* **Required work**
Exactly the lines from the one with "Welcome everybody. My" through the end of the data below must be set down, and no pictures with them.

Recorded data
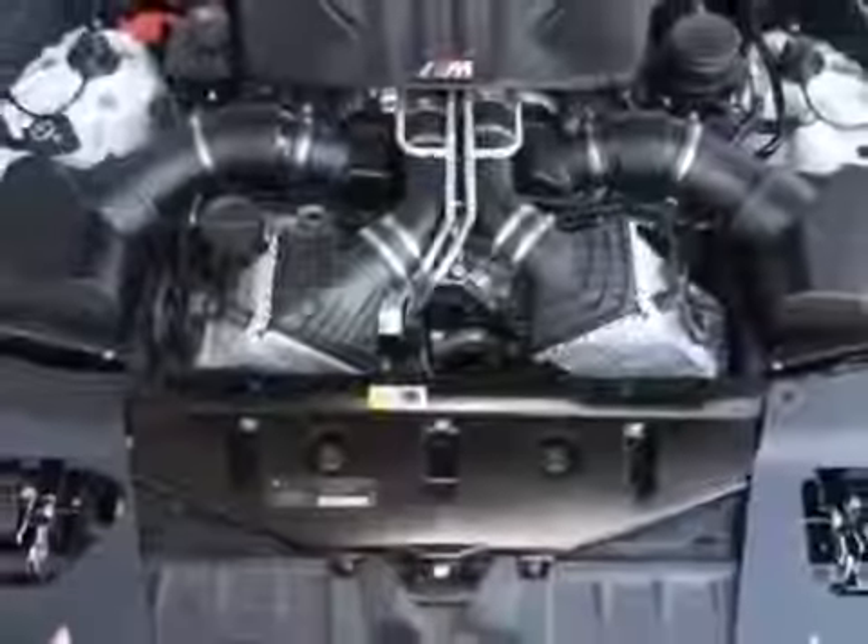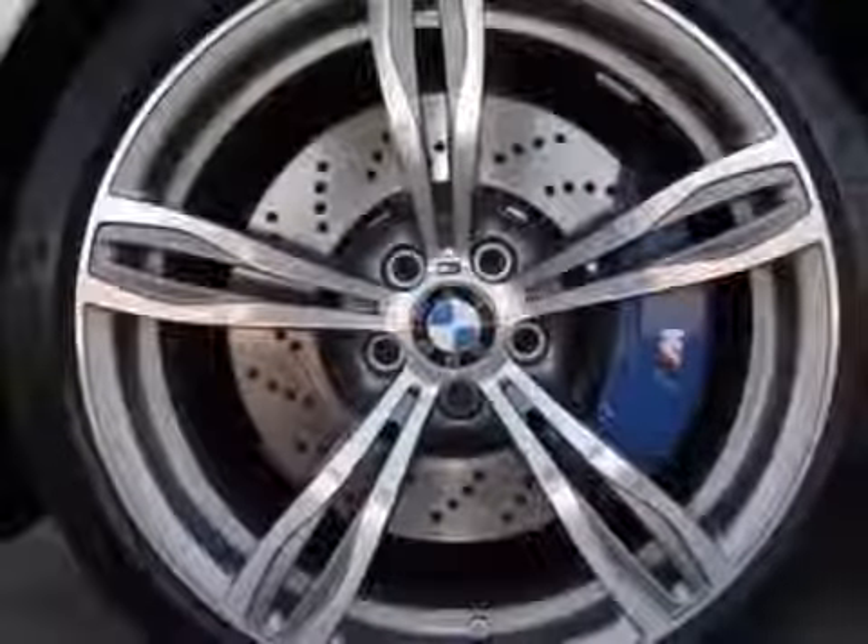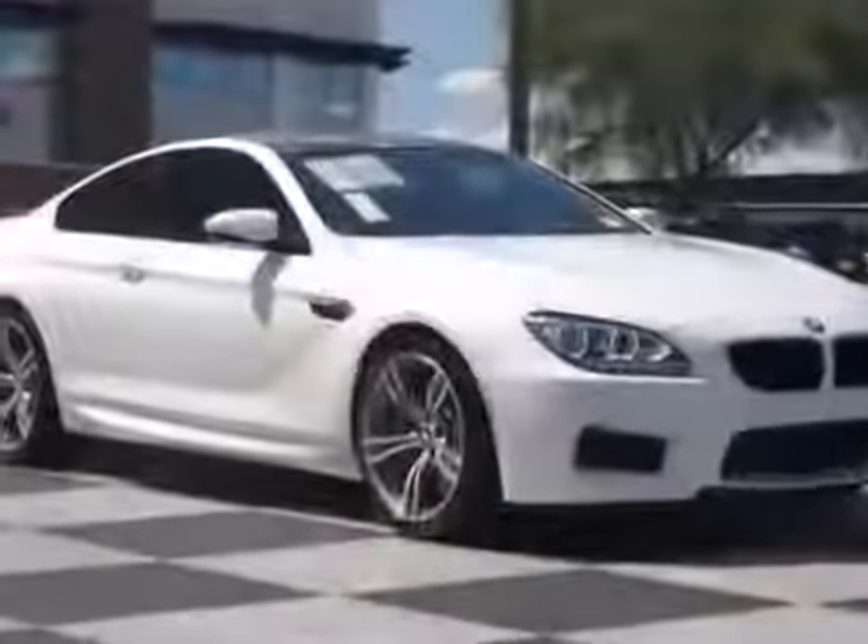Additional options for this vehicle include the standard paint, Alpine White, Bang & Olufsen Deluxe Sound System, enhanced USB and Bluetooth, black full Merino leather seat upholstery, driver assistance package, and the executive package.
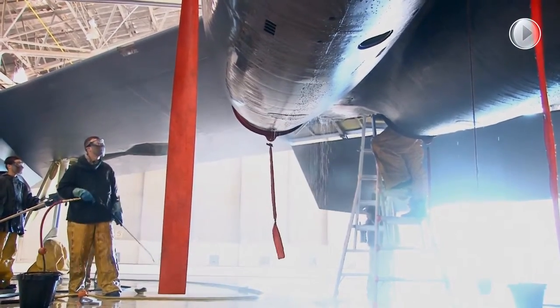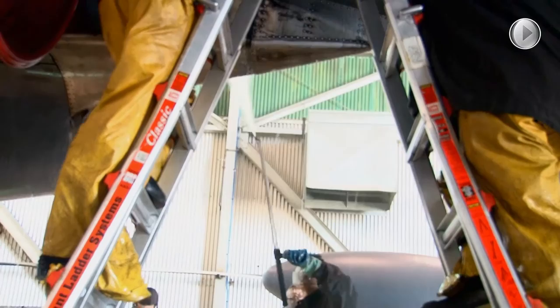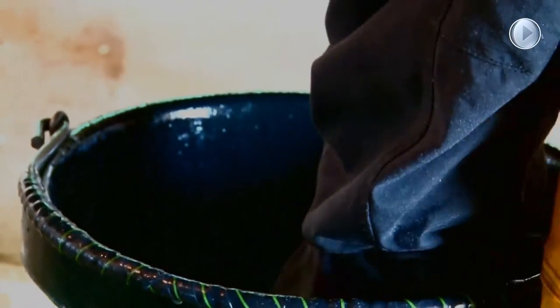A 5th Bomb Wing Crew Chief explains the importance of cleaning and inspecting the aircraft: getting all the grease and any kind of contaminants off of there. The big thing is for the corrosion — we want to prevent the aircraft from getting corroded by washing up any debris.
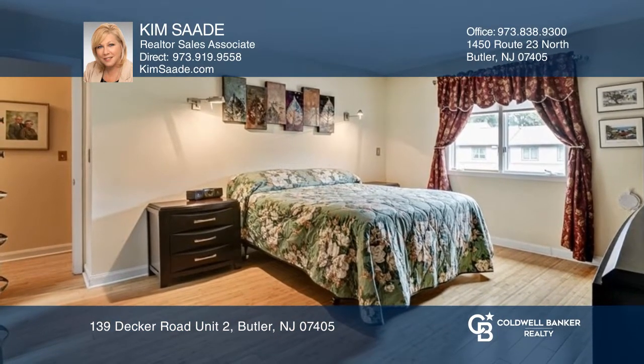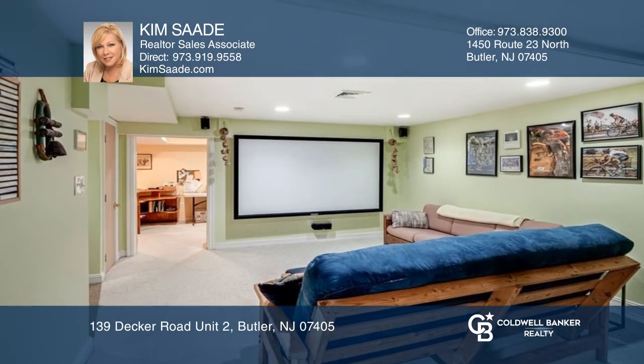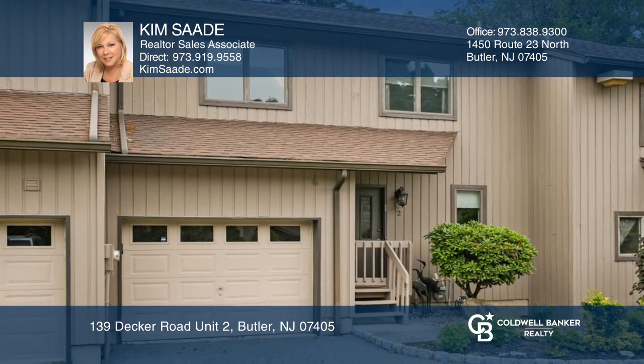The finished lower level hosts a large recreation room with a home theater system included. This is a must-see. Call Kim today.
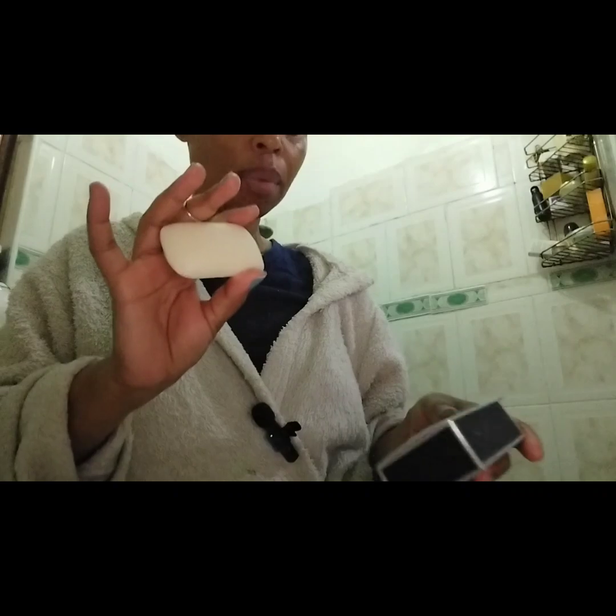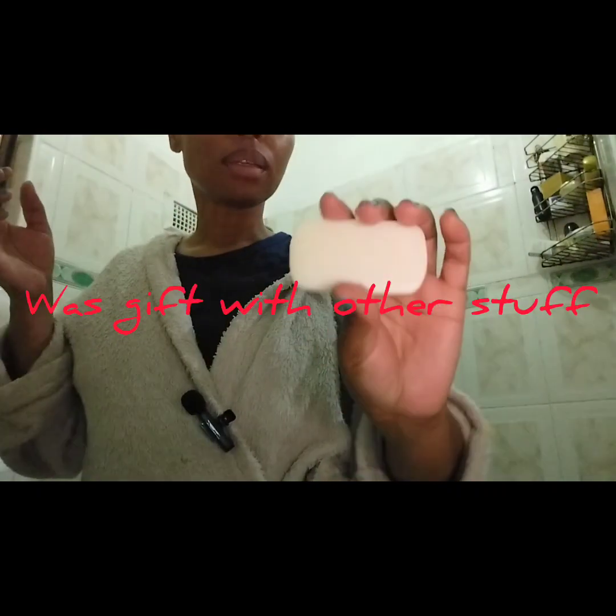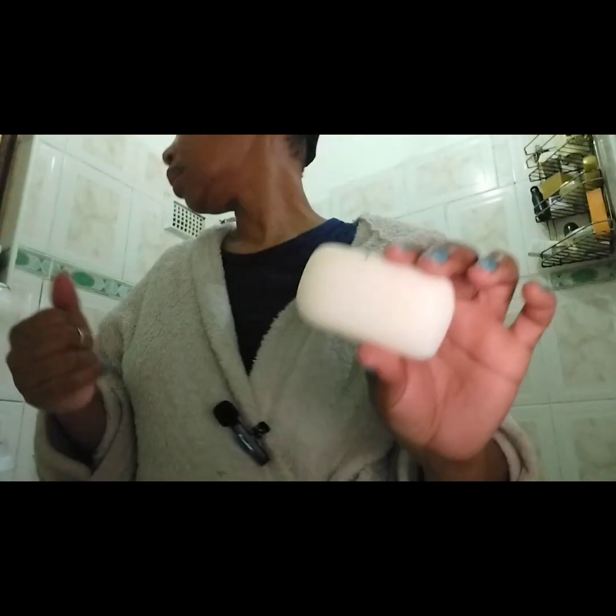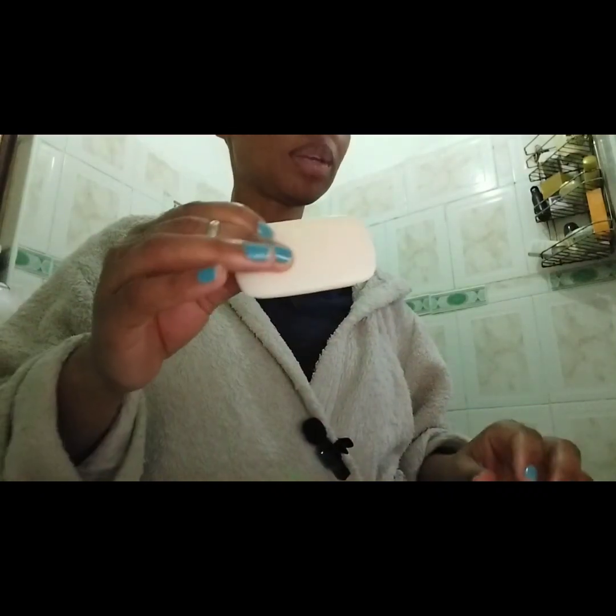I think it's time to take a bath. For my body, I'm going to use a dry body scrub — this is an Avon scrub, but I also don't use it every day. Today I'm only using it because I'm going to work.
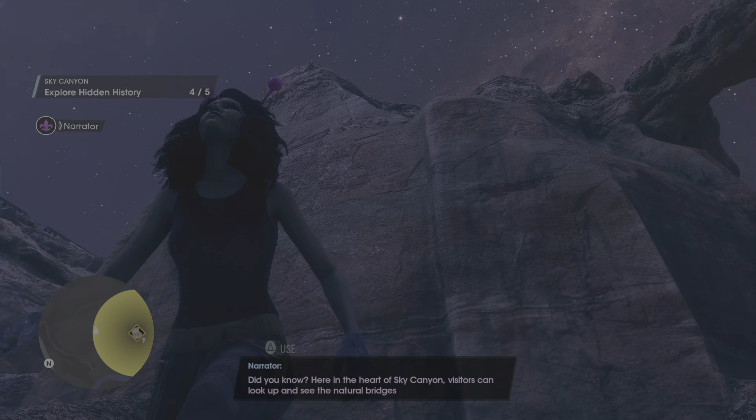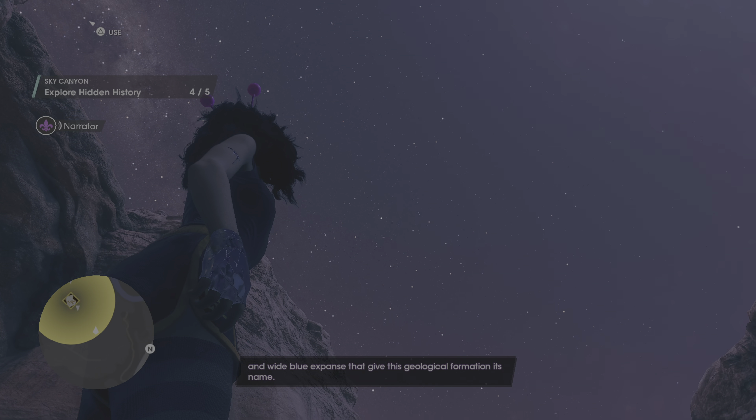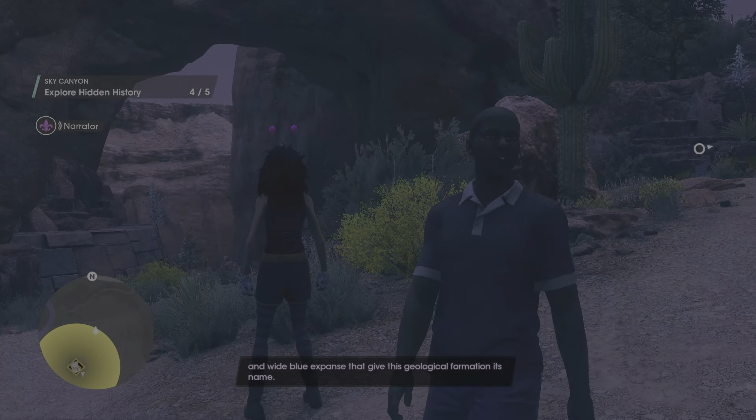Did you know? Here in the heart of Sky Canyon, visitors can look up and see the natural bridges and wide blue expanse that give this geological formation its name.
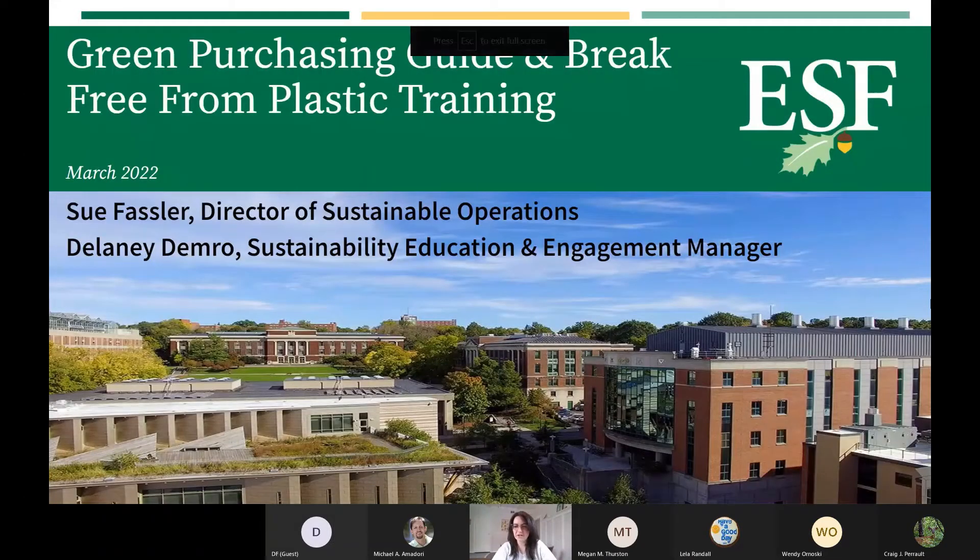Welcome everybody. My name is Delaney Demereau. I'm the Sustainability Education and Engagement Manager here at ESF. Before I was hired, I had just graduated in December with my master's degree from the Graduate Program in Environmental Sciences here at ESF. During my time as a student, I worked as a Student Sustainability Coordinator with the Division and helped develop the Green Purchasing Guide.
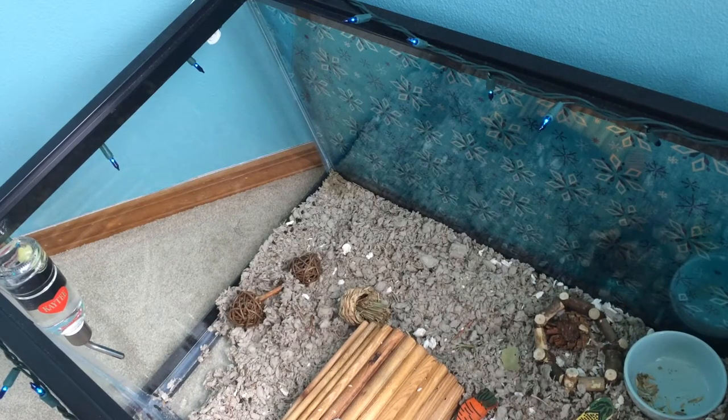Hamsters are very clean animals and they tend to choose just one corner of their cage to pee in. It's normal for a hamster's urine to have a smell, however if the smell gets too strong or it seems to be abnormal, that could be a sign that your hamster is sick or has an infection. If so, then you need to take your hamster to the vet if it does not get any better.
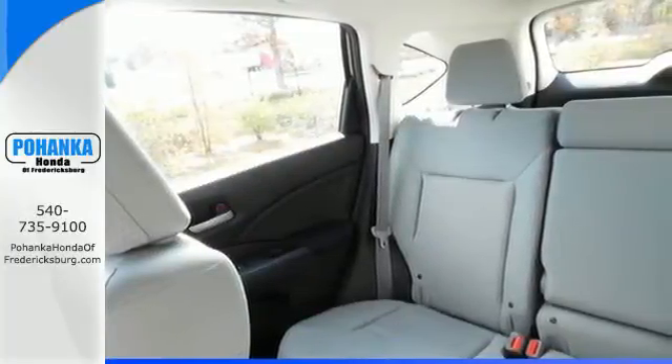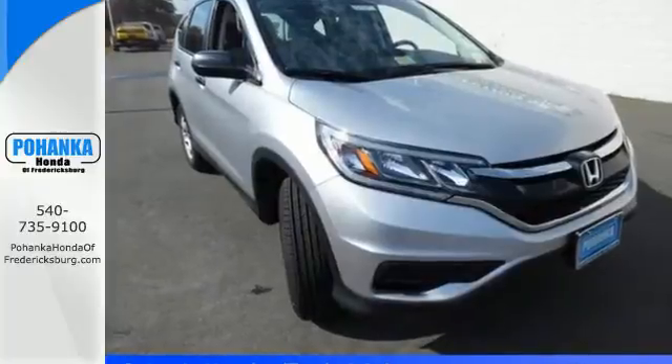Keep moving, keep exploring, and keep doing. Get behind the wheel of this CR-V today.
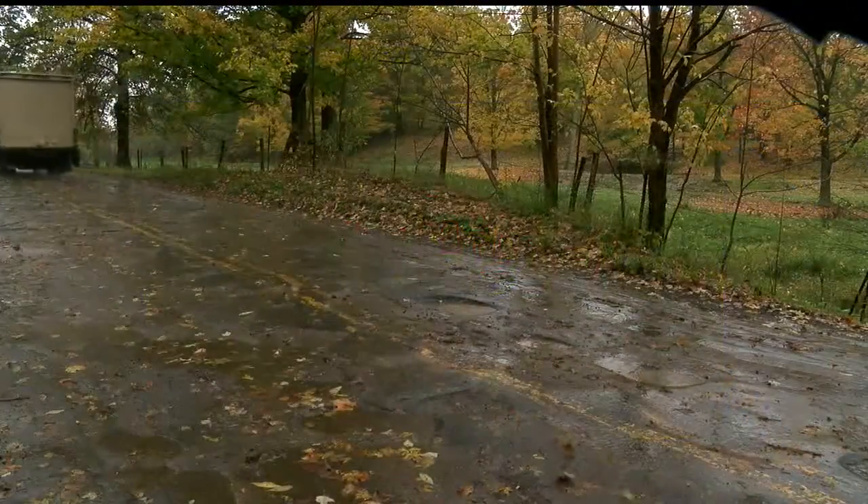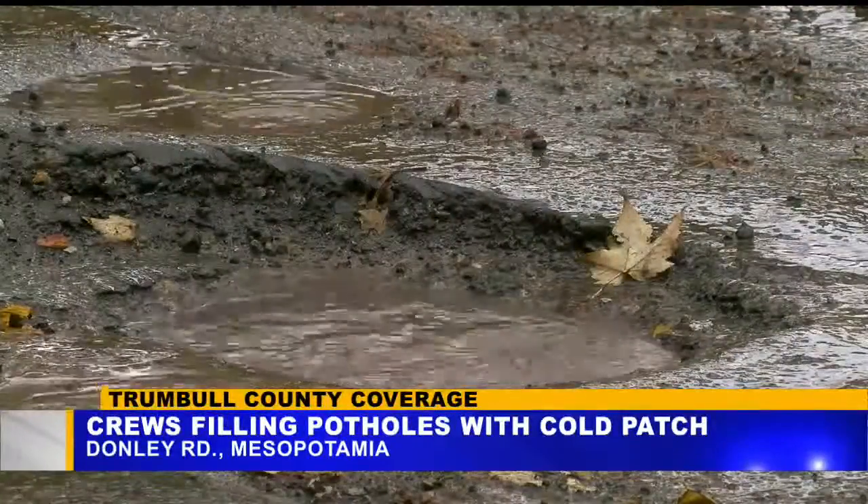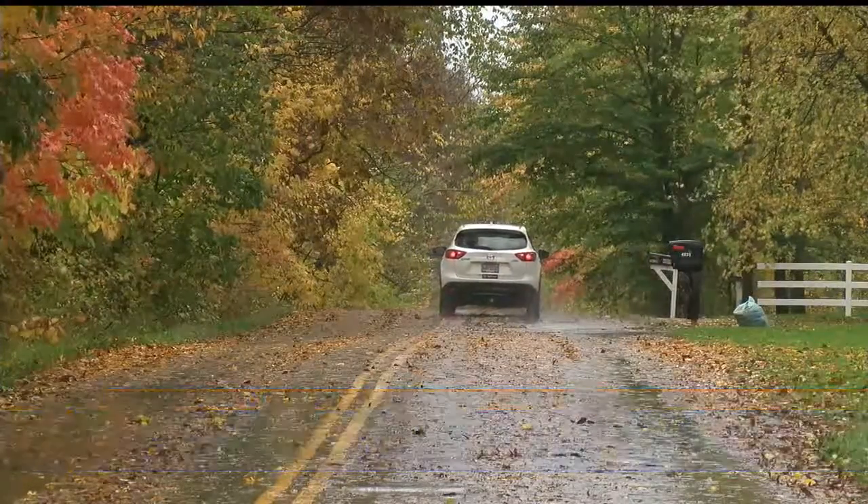Here's a photo and here's video of what it looked like on Friday when we first showed you these conditions. The Engineer's Office told us they'll keep maintaining it through the fall and winter, and sometime this spring they'll be back to chip seal it.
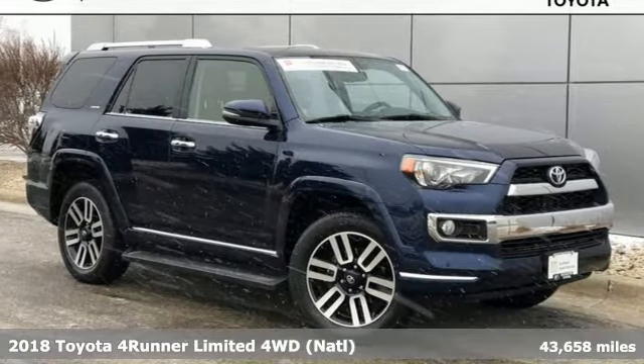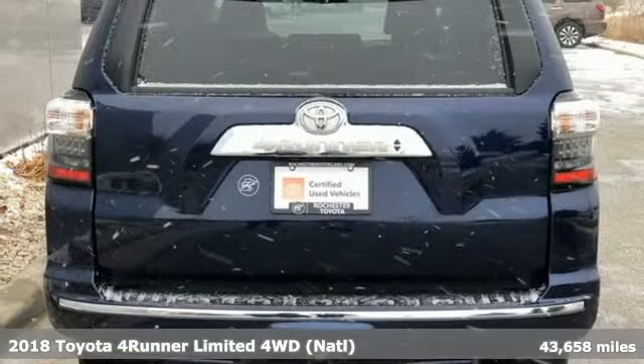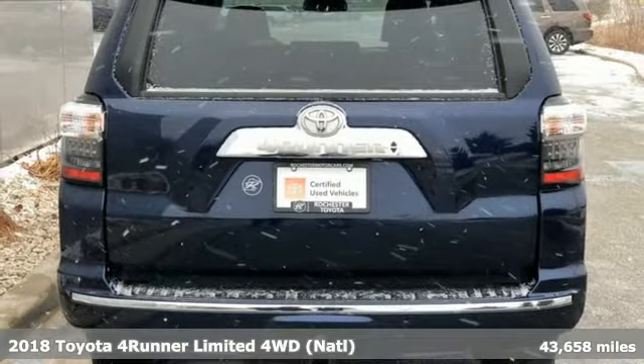It's a 2018 Toyota 4Runner. When you're looking for comfort, convenience, and quality, you think Toyota.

* **Answer**
Welcome everybody. My name is Delaney Demereau. I'm the Sustainability Education and Engagement Manager here at ESF. Before I was hired, I had just graduated in December with my master's degree from the Graduate Program in Environmental Sciences here at ESF. During my time as a student, I worked as a Student Sustainability Coordinator with the Division and helped develop the Green Purchasing Guide.
Hamsters are very clean animals and they tend to choose just one corner of their cage to pee in. It's normal for a hamster's urine to have a smell, however if the smell gets too strong or it seems to be abnormal, that could be a sign that your hamster is sick or has an infection. If so, then you need to take your hamster to the vet if it does not get any better.
Keep moving, keep exploring, and keep doing. Get behind the wheel of this CR-V today.
Here's a photo and here's video of what it looked like on Friday when we first showed you these conditions. The Engineer's Office told us they'll keep maintaining it through the fall and winter, and sometime this spring they'll be back to chip seal it.
It's a 2018 Toyota 4Runner. When you're looking for comfort, convenience, and quality, you think Toyota.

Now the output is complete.